=== DATA FOR REVIEW ===

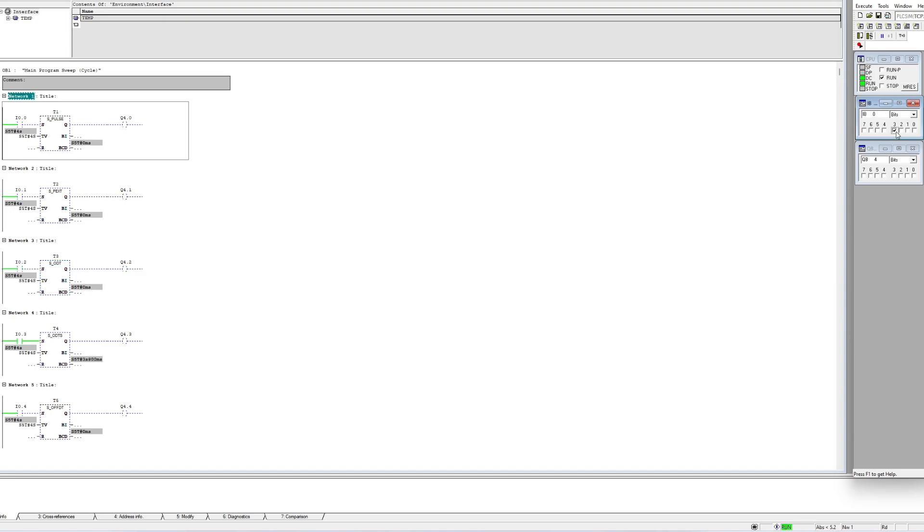The S_ODTS works same as previous one, just that it stays on all the time until the reset bit is triggered.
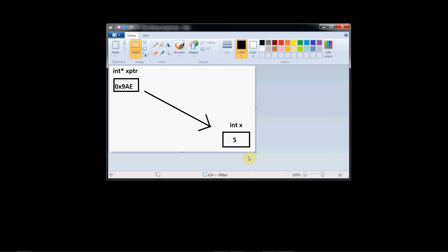Hi guys, welcome to another one of my internet videos. In this video, I'm going to be talking about a feature of the C++ language known as pointers.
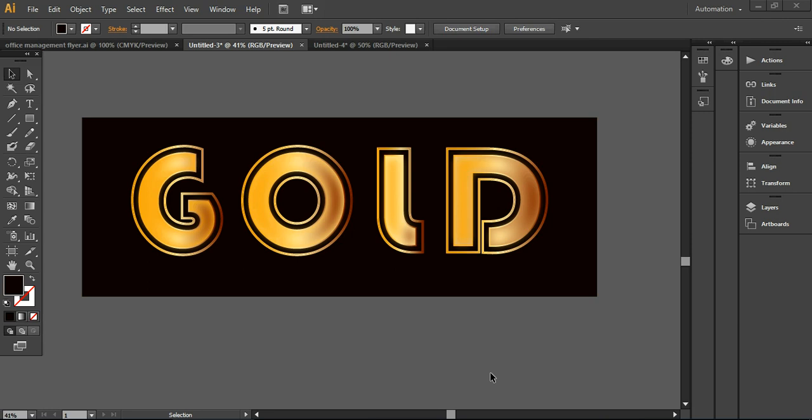Hello everyone, this is Hina and welcome to another tutorial of Telenium Marketing. Today I'm going to show you how you can easily create this type of gold text that you can use for any sort of headlines where you want to create a very strong call to action, or if you are working on digital creative sign boards.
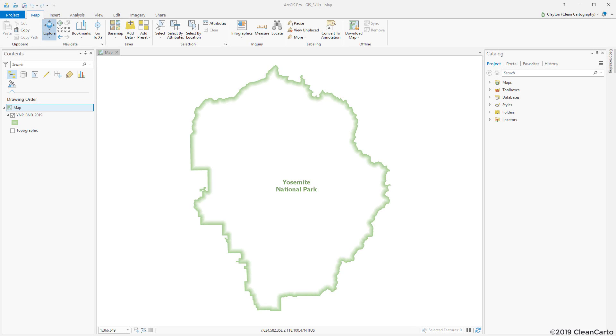Thanks for tuning in to this GIS skills instructional video. This lesson will show you how to create a simple boundary fade using ArcGIS Pro only using symbology and nothing else.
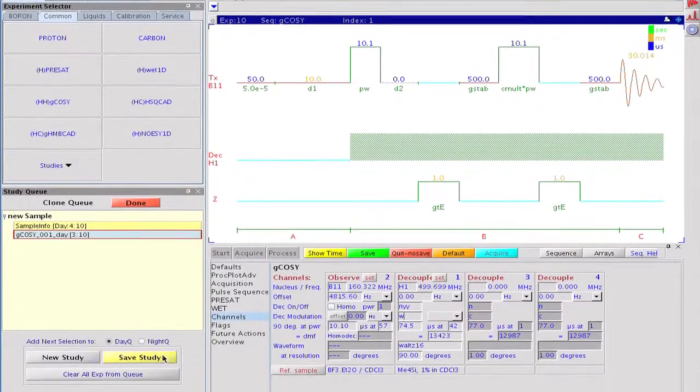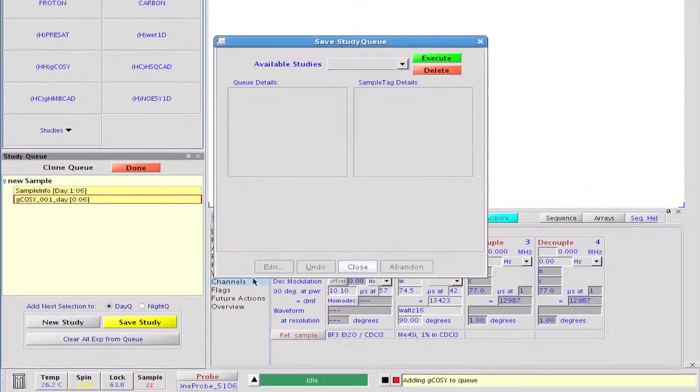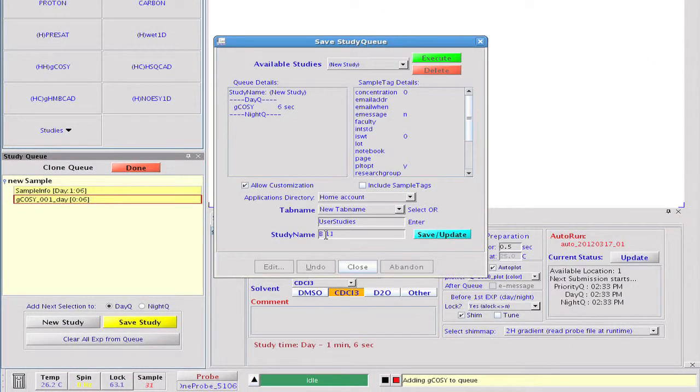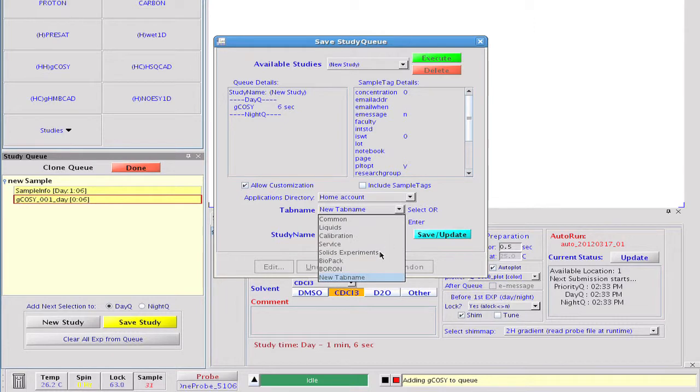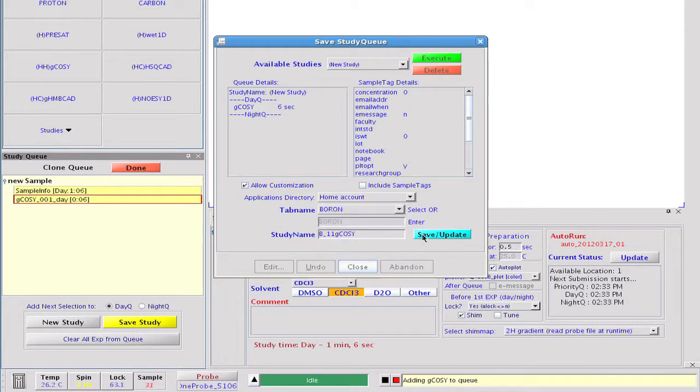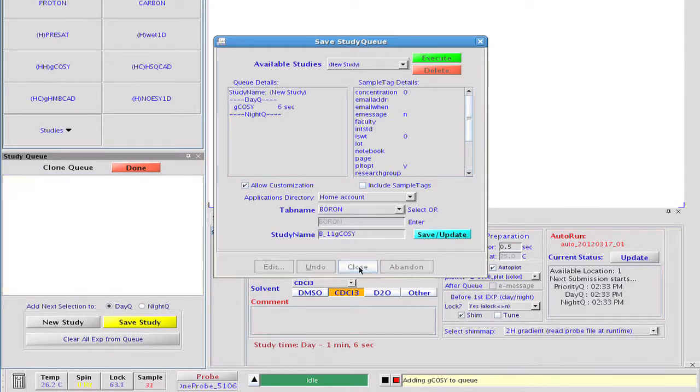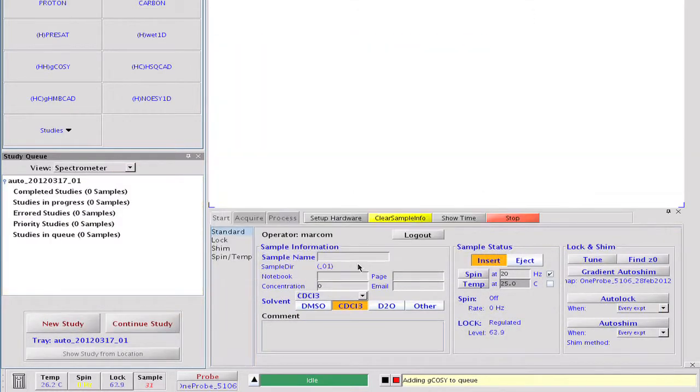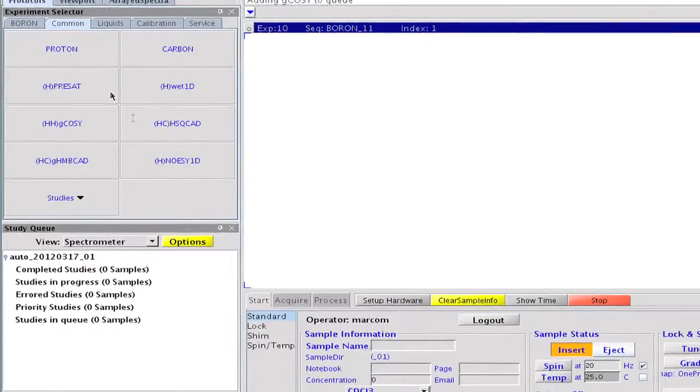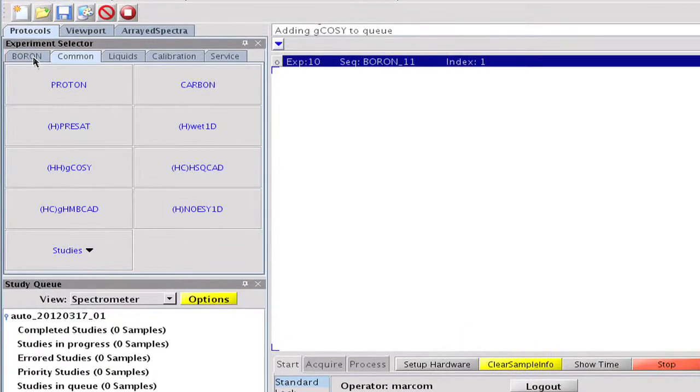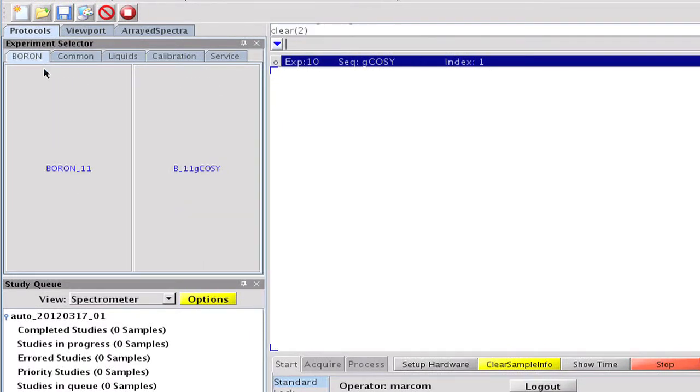When ready, we save the new protocol under the name B11G-COSY in the boron experiment tab. We have just created a new button in the experiment selector.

=== WORK INSTRUCTIONS ===
Print the data above exactly, from its first line to the line bearing "Hi guys, welcome" inclusive, and keep pictures out of the result.

=== RESPONSE AREA ===
The S_ODTS works same as previous one, just that it stays on all the time until the reset bit is triggered.
Hi guys, welcome to another one of my internet videos. In this video, I'm going to be talking about a feature of the C++ language known as pointers.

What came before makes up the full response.